Recados multidirecionados

Ao Irã, por outro lado, ficou claro que o Brasil não está disposto a manter seu apoio a qualquer custo. "Esta posição se deve ao padrão internacional brasileiro como uma força que está apoiando a Carta da ONU e jogando conforme as regras da comunidade internacional", lembra Maihold.

E à Turquia, que exerceu esse papel de mediadora a convite brasileiro, também restará a opção de acatar as sanções, sugerem os especialistas. "A Turquia também tem que olhar para o seu futuro e agir com concordância, já que busca entrar para a União Europeia", ressalta Villa.

Sinan Ogan, diretor do Centro Turco de Relações Internacionais e Análises Estratégicas, em Ancara, na Turquia, acredita que nenhum dos membros da ONU tem o direito de criticar a atuação dos dois países que tentaram dialogar com o Irã. "E o Irã também não tem o direito de criticar a Turquia e o Brasil, por aceitarem as sanções", adiciona.

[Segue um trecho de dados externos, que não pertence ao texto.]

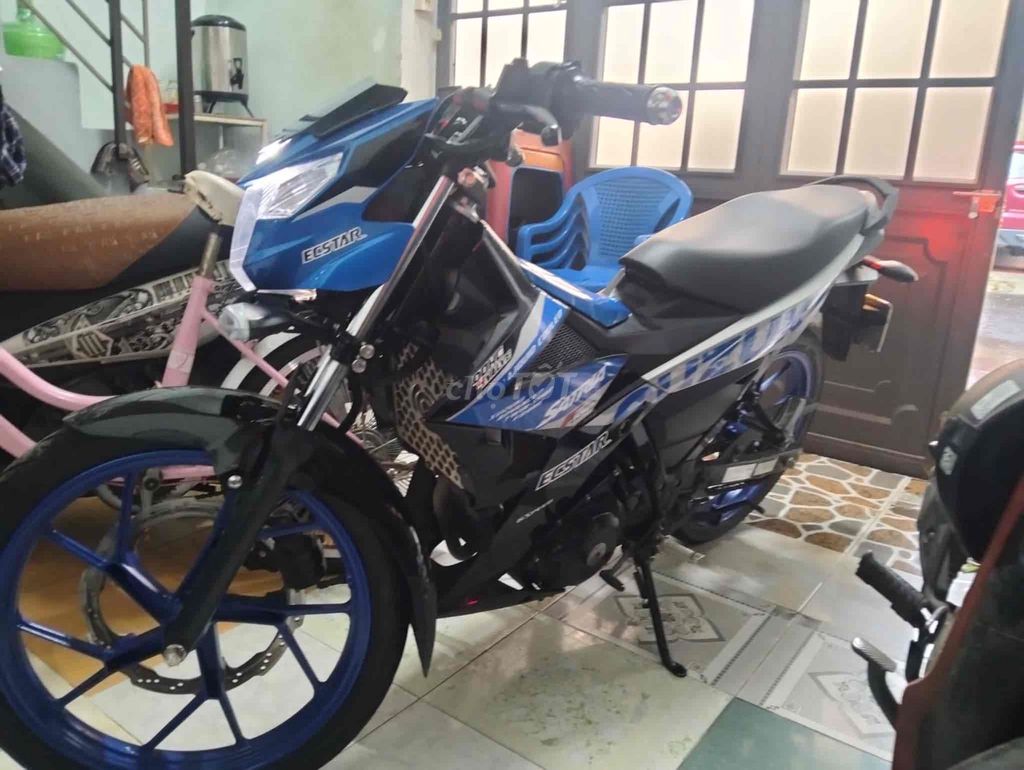 cần bán xe satria xe mới len keng ít đi. Mua bán Xe máy tại Quận Liên Chiểu Đà Nẵng được đăng bởi pham hình 2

O pesquisador acredita que o governo turco não encerrará sua participação nesse processo."A Turquia deverá sempre tentar fazer com que Teerã se sente à mesa para discutir negociações de paz, mas continuará a acatar as resoluções da ONU. Como duas potências regionais em ascendência, Turquia e Brasil poderão cooperar em muitos conflitos globais, não se limitando ao caso do Irã", defende Ogan.

Iniciante em política de conflito

Com esse desfecho "previsível", segundo os especialistas, o governo Lula corre o risco de ser taxado como amador ao defender o diálogo com Teerã. "Esse engajamento brasileiro pode ser visto com uma 'aventura', especialmente em tempos eleitorais em que se podem ganhar muitos votos assumindo um compromisso com o Irã", sugere Maihold.

As potências europeias podem, de fato, ver o Brasil com esses olhos, concorda Duarte Villa, mas esses países também captaram uma outra mensagem: "O Brasil quer passar a desempenhar um papel de 'global player' também em assuntos políticos e aspectos de segurança. Isso é decorrência do próprio fortalecimento interno que o país está atravessando."

Por outro lado, a diplomacia brasileira, com destaque para o ministro Carlos Amorim, ganhou mais evidência: "A comunidade internacional continuará vendo o Brasil como um dos membros mais ativos e inovadores, características mais do que necessárias num mundo onde posições pré-estabelecidas inibem soluções a muitos conflitos", finaliza Günther Maihold.